====== INPUT DATA ======

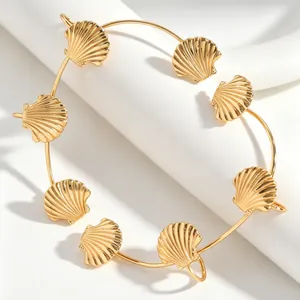 Vista dettagliata del cuff per orecchie dorato con vari ciondoli a forma di conchiglia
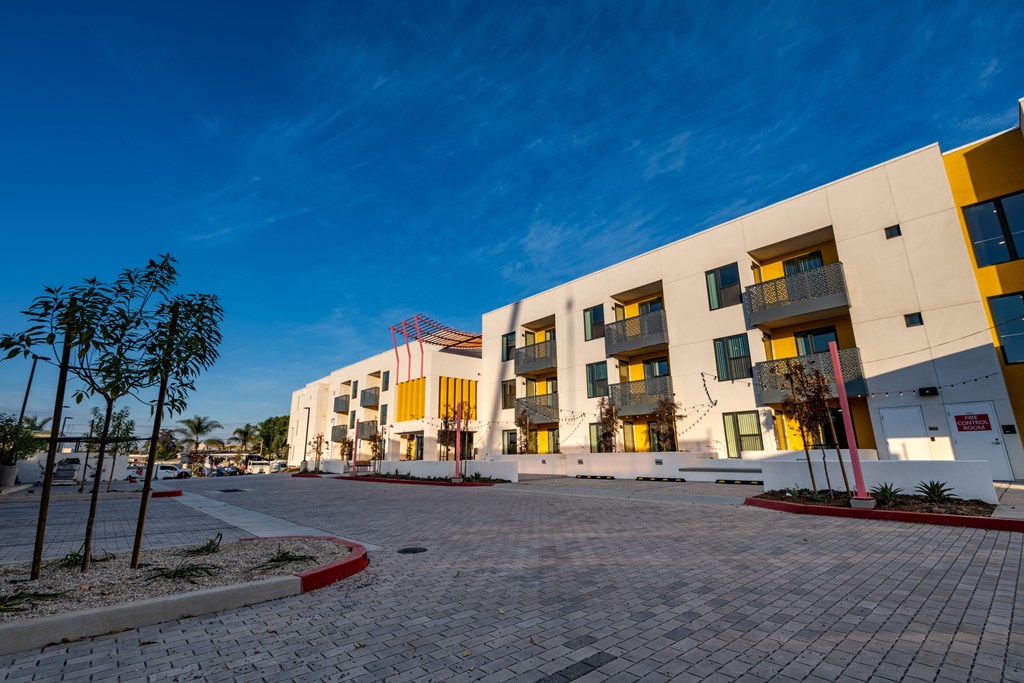 A modern building with yellow and white exterior and a red stripe on the roof.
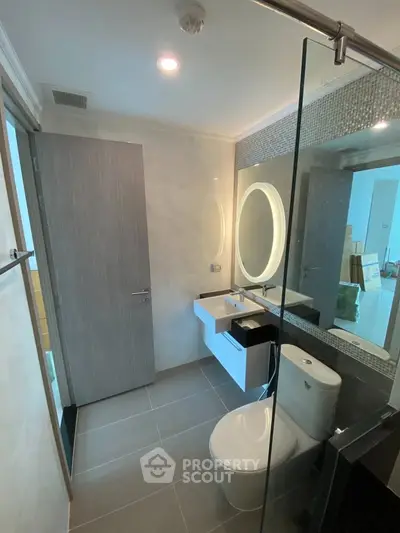 Modern bathroom with sleek design and glass shower enclosure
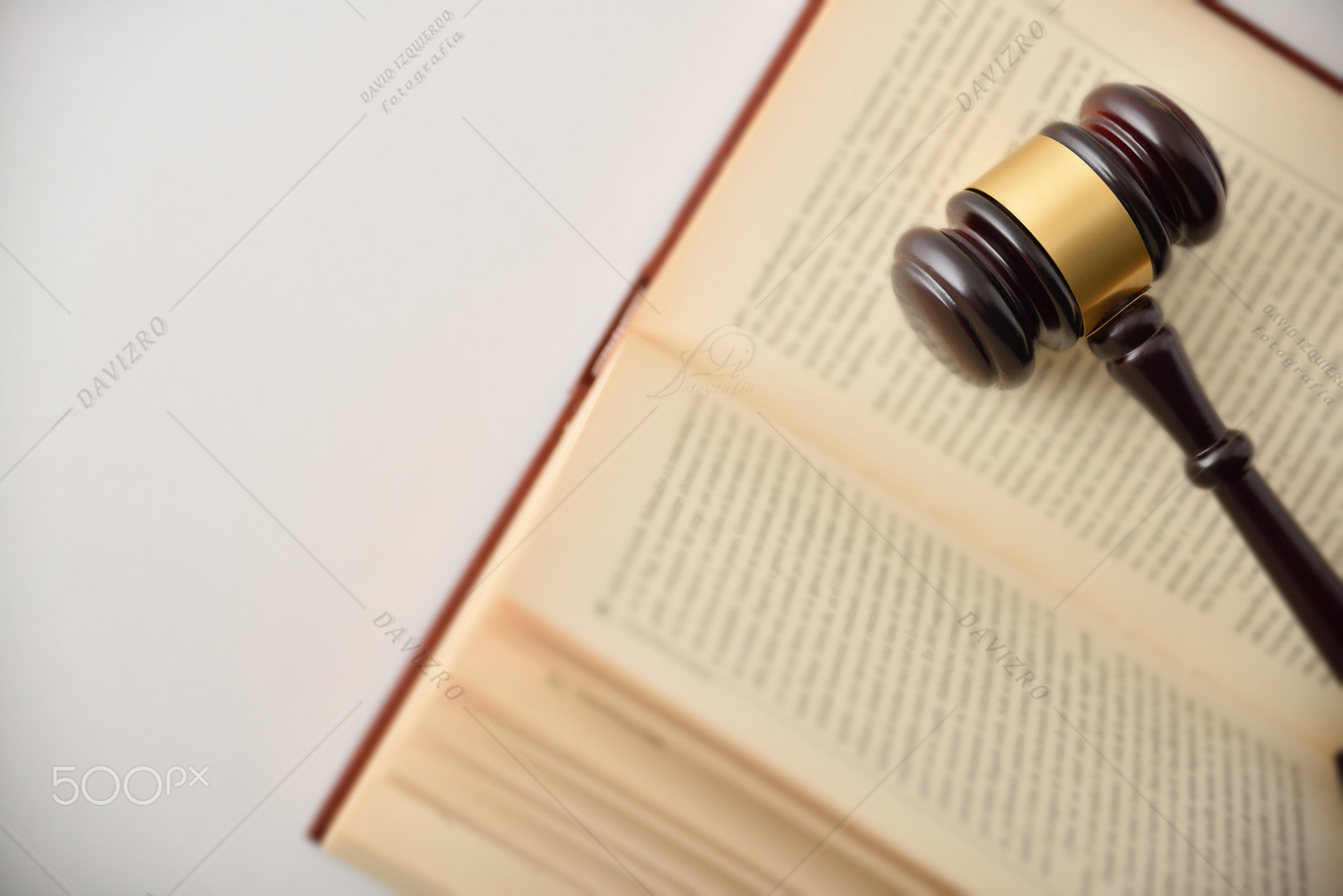 Gavel on open law book on white table top view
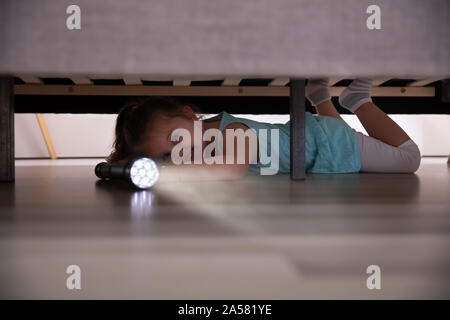 Kleines Mädchen liegt unter dem Bett auf der Suche nach Etwas mit Blitzlicht zu Hause Stockfoto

======

> [TRY IT]
Reproduce only the lines from the beginning of the data through the line that contains "Gavel on open", both included, and please drop the pictures.

> [TASK OUTPUT]
 Vista dettagliata del cuff per orecchie dorato con vari ciondoli a forma di conchiglia
 A modern building with yellow and white exterior and a red stripe on the roof.
 Modern bathroom with sleek design and glass shower enclosure
 Gavel on open law book on white table top view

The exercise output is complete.